> **Stored data**:

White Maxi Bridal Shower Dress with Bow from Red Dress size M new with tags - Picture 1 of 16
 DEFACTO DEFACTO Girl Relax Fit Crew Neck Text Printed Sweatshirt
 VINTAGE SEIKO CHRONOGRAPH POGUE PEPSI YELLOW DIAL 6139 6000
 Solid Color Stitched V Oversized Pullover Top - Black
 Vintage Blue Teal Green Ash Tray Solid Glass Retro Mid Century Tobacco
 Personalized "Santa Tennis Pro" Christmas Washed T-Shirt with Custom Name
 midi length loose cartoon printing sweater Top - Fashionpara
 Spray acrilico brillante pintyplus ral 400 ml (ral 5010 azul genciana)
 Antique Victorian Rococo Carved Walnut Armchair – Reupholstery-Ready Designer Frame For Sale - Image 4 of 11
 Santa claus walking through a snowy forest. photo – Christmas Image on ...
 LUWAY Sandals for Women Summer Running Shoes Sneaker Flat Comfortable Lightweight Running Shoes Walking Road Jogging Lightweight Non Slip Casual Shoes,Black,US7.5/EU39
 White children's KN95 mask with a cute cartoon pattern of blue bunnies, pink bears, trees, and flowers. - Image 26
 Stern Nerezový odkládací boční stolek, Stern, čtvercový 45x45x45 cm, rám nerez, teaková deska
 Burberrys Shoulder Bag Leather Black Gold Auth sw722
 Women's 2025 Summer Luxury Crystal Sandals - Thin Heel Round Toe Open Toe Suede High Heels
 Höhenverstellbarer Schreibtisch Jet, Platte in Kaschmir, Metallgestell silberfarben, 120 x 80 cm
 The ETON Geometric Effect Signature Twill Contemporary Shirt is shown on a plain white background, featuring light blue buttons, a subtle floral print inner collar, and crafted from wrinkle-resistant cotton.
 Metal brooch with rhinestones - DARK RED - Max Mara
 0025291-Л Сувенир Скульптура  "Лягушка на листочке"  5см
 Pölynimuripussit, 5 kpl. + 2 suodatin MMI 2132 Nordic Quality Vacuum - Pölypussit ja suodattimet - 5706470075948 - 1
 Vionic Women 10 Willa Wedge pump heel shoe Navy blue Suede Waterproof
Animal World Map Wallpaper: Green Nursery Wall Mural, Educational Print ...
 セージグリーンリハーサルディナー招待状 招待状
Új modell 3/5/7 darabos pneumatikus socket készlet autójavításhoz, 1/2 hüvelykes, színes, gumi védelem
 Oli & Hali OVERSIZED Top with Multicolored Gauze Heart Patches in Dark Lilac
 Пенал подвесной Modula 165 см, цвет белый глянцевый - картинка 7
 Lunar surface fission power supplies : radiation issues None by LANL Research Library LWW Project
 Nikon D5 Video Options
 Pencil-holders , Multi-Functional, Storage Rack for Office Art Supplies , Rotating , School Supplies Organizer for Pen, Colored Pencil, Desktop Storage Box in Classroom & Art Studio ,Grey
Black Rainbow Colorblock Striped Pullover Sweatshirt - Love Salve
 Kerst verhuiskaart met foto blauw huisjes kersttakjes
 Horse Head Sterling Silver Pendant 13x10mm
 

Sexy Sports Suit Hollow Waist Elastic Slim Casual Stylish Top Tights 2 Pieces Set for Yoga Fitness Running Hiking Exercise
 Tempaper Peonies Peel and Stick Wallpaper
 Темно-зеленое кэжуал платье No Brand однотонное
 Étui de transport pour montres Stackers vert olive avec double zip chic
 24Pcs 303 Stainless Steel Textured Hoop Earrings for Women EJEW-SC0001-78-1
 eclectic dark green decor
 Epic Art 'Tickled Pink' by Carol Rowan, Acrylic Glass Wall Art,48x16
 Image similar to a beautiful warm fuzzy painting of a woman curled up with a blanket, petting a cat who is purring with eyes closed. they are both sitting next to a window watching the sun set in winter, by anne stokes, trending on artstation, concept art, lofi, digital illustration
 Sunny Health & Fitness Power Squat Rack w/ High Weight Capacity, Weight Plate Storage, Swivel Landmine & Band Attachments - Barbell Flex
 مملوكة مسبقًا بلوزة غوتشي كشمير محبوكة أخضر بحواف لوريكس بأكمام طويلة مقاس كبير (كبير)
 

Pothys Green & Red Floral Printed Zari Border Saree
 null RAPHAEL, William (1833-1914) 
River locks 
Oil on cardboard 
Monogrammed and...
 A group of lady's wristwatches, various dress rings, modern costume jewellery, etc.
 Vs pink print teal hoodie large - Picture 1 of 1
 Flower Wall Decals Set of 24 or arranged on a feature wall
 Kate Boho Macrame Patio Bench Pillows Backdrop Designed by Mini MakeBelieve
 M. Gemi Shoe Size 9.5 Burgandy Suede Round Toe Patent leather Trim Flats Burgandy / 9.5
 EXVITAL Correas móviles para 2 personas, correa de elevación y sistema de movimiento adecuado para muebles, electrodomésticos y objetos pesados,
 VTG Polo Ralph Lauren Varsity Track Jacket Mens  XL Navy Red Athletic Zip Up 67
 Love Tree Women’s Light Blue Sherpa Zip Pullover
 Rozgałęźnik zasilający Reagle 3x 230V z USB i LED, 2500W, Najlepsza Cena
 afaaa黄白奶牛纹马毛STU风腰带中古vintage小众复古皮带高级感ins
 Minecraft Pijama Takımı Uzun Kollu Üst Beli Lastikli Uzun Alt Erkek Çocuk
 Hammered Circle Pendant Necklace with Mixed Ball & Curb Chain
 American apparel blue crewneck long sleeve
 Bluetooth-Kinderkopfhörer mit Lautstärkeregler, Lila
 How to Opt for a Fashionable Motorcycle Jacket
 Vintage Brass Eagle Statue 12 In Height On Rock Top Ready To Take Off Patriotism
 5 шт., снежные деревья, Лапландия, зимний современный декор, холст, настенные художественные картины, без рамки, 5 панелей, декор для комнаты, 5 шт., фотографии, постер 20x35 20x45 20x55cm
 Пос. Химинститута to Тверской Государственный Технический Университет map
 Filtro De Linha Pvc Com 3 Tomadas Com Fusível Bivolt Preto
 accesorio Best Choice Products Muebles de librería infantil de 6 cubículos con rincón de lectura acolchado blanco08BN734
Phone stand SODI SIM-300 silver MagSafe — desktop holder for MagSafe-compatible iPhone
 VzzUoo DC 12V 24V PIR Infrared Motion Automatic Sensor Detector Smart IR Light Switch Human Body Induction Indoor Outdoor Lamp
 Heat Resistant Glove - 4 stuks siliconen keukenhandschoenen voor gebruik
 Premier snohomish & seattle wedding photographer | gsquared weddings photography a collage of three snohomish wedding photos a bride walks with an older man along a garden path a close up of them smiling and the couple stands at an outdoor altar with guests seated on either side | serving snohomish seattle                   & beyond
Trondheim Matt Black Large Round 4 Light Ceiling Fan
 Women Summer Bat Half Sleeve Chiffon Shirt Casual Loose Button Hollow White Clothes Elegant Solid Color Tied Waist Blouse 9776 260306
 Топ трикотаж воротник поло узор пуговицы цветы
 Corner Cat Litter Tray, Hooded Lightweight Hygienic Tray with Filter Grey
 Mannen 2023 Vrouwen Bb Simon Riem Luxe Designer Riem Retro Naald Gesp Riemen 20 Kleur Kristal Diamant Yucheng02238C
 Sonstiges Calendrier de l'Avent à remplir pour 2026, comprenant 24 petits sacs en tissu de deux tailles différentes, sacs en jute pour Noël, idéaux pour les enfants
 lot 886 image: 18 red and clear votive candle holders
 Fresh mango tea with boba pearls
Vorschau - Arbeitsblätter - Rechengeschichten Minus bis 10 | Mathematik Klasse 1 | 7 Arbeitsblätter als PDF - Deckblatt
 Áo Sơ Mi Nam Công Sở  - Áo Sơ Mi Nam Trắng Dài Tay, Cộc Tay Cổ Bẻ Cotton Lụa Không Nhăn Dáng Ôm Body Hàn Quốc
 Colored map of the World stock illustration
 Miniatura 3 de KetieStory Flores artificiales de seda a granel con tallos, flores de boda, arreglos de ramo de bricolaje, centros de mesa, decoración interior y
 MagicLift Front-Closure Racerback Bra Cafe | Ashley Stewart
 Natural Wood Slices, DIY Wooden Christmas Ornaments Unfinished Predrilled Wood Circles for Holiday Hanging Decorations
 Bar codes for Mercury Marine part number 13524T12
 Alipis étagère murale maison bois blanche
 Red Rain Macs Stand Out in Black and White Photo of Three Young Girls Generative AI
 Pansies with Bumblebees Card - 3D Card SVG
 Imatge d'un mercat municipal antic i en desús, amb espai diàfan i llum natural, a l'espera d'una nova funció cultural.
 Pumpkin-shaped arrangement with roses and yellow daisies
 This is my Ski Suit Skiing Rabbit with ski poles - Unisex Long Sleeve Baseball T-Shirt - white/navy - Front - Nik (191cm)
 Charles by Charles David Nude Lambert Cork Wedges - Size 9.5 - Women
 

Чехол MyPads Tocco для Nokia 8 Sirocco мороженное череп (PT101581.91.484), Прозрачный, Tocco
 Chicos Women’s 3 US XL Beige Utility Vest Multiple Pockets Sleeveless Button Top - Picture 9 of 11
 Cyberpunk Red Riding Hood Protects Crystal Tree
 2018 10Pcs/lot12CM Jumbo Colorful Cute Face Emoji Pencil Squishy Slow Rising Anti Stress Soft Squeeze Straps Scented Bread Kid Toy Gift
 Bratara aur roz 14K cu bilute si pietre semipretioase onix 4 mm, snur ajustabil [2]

> **Exercise directions**: The lines above from the one with "Kerst verhuiskaart met" through the one with "afaaa黄白奶牛纹马毛STU风腰带中古vintage小众复古皮带高级感ins" are to be duplicated exactly, ends included, with nothing added.

> **Answer space**:
 Kerst verhuiskaart met foto blauw huisjes kersttakjes
 Horse Head Sterling Silver Pendant 13x10mm
 

Sexy Sports Suit Hollow Waist Elastic Slim Casual Stylish Top Tights 2 Pieces Set for Yoga Fitness Running Hiking Exercise
 Tempaper Peonies Peel and Stick Wallpaper
 Темно-зеленое кэжуал платье No Brand однотонное
 Étui de transport pour montres Stackers vert olive avec double zip chic
 24Pcs 303 Stainless Steel Textured Hoop Earrings for Women EJEW-SC0001-78-1
 eclectic dark green decor
 Epic Art 'Tickled Pink' by Carol Rowan, Acrylic Glass Wall Art,48x16
 Image similar to a beautiful warm fuzzy painting of a woman curled up with a blanket, petting a cat who is purring with eyes closed. they are both sitting next to a window watching the sun set in winter, by anne stokes, trending on artstation, concept art, lofi, digital illustration
 Sunny Health & Fitness Power Squat Rack w/ High Weight Capacity, Weight Plate Storage, Swivel Landmine & Band Attachments - Barbell Flex
 مملوكة مسبقًا بلوزة غوتشي كشمير محبوكة أخضر بحواف لوريكس بأكمام طويلة مقاس كبير (كبير)
 

Pothys Green & Red Floral Printed Zari Border Saree
 null RAPHAEL, William (1833-1914) 
River locks 
Oil on cardboard 
Monogrammed and...
 A group of lady's wristwatches, various dress rings, modern costume jewellery, etc.
 Vs pink print teal hoodie large - Picture 1 of 1
 Flower Wall Decals Set of 24 or arranged on a feature wall
 Kate Boho Macrame Patio Bench Pillows Backdrop Designed by Mini MakeBelieve
 M. Gemi Shoe Size 9.5 Burgandy Suede Round Toe Patent leather Trim Flats Burgandy / 9.5
 EXVITAL Correas móviles para 2 personas, correa de elevación y sistema de movimiento adecuado para muebles, electrodomésticos y objetos pesados,
 VTG Polo Ralph Lauren Varsity Track Jacket Mens  XL Navy Red Athletic Zip Up 67
 Love Tree Women’s Light Blue Sherpa Zip Pullover
 Rozgałęźnik zasilający Reagle 3x 230V z USB i LED, 2500W, Najlepsza Cena
 afaaa黄白奶牛纹马毛STU风腰带中古vintage小众复古皮带高级感ins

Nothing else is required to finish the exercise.